-- Information provided follows --

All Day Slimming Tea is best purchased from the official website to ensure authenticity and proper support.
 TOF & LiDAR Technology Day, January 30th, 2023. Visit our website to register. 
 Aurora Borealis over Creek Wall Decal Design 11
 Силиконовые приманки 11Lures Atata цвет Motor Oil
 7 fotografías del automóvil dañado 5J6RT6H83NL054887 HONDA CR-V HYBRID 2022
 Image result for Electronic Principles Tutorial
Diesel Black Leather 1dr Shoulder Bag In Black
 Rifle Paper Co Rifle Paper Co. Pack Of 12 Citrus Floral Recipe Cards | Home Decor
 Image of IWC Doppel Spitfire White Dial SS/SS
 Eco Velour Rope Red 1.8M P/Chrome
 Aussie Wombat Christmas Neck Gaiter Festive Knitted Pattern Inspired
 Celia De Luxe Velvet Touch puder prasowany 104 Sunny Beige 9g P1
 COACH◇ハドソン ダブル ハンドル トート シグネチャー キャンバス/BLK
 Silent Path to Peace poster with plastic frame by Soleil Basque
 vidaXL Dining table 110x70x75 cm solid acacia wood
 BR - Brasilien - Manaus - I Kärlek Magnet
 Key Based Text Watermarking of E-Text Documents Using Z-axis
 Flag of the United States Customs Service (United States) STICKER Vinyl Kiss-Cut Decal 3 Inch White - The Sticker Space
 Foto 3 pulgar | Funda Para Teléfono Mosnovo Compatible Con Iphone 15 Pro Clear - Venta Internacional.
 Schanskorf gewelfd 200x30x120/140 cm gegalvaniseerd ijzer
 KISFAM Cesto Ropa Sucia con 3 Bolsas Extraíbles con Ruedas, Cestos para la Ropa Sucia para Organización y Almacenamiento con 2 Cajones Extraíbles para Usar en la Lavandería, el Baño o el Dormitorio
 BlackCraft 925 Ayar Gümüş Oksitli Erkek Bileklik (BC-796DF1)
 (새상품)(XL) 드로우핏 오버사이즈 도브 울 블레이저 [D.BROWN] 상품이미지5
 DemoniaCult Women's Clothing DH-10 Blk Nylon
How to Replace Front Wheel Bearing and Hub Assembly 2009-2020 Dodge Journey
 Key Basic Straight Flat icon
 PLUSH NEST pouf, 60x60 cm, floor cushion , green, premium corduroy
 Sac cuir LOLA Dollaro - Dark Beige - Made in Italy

-- Information provided concluded --

* [Problem statement] Using the entries above, output exactly the lines between the line holding "Flag of the" and the line holding "Schanskorf gewelfd 200x30x120/140", end lines included, and nothing more.

* [Exercise result]
 Flag of the United States Customs Service (United States) STICKER Vinyl Kiss-Cut Decal 3 Inch White - The Sticker Space
 Foto 3 pulgar | Funda Para Teléfono Mosnovo Compatible Con Iphone 15 Pro Clear - Venta Internacional.
 Schanskorf gewelfd 200x30x120/140 cm gegalvaniseerd ijzer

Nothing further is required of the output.